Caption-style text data

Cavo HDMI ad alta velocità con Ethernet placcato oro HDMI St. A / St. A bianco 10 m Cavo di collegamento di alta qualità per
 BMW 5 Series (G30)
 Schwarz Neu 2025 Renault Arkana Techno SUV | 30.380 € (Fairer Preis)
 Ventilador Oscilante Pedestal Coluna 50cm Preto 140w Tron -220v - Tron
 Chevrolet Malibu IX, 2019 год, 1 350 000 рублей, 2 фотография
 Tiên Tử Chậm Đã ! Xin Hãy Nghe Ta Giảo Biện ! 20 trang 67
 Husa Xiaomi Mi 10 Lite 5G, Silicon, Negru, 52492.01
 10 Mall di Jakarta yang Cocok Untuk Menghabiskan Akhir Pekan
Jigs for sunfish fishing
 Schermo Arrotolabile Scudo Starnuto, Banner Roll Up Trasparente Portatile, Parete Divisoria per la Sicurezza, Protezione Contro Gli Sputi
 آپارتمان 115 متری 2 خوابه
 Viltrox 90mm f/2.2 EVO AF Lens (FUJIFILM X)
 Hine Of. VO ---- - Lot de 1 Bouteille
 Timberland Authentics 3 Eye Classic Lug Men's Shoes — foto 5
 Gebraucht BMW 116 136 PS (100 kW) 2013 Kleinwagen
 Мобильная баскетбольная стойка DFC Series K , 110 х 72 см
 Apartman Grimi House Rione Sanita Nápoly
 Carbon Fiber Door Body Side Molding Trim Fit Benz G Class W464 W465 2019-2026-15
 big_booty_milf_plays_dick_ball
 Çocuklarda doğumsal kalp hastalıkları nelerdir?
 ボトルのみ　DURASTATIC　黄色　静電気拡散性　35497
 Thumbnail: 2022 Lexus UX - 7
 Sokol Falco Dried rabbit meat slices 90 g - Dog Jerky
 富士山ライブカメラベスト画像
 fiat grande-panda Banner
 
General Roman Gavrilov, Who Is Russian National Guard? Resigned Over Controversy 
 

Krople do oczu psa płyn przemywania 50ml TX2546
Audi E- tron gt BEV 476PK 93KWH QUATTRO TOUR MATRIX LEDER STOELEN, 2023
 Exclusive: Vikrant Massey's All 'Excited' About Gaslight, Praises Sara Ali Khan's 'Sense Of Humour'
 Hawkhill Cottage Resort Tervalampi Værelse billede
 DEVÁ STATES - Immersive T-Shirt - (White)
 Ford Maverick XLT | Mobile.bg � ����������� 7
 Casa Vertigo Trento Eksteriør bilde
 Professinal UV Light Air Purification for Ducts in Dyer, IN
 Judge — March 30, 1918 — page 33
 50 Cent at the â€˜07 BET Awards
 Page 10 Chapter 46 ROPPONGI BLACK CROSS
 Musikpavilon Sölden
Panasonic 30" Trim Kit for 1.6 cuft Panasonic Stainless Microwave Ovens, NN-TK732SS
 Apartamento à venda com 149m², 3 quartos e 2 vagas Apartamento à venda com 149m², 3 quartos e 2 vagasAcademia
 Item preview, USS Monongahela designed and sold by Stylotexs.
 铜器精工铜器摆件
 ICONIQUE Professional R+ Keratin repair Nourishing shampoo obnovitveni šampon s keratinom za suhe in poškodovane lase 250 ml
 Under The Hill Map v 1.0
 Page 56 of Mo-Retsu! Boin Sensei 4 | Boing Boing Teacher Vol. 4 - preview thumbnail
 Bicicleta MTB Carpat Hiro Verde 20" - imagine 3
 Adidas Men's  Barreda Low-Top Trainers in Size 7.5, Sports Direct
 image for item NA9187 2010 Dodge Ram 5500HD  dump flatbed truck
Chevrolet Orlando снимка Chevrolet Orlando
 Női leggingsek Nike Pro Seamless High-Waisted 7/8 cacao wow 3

**Problem description:** The lines to output run from the one containing "Bicicleta MTB Carpat" through the last line of the records above; repeat them exactly and nothing more.

**Answer section:**
 Bicicleta MTB Carpat Hiro Verde 20" - imagine 3
 Adidas Men's  Barreda Low-Top Trainers in Size 7.5, Sports Direct
 image for item NA9187 2010 Dodge Ram 5500HD  dump flatbed truck
Chevrolet Orlando снимка Chevrolet Orlando
 Női leggingsek Nike Pro Seamless High-Waisted 7/8 cacao wow 3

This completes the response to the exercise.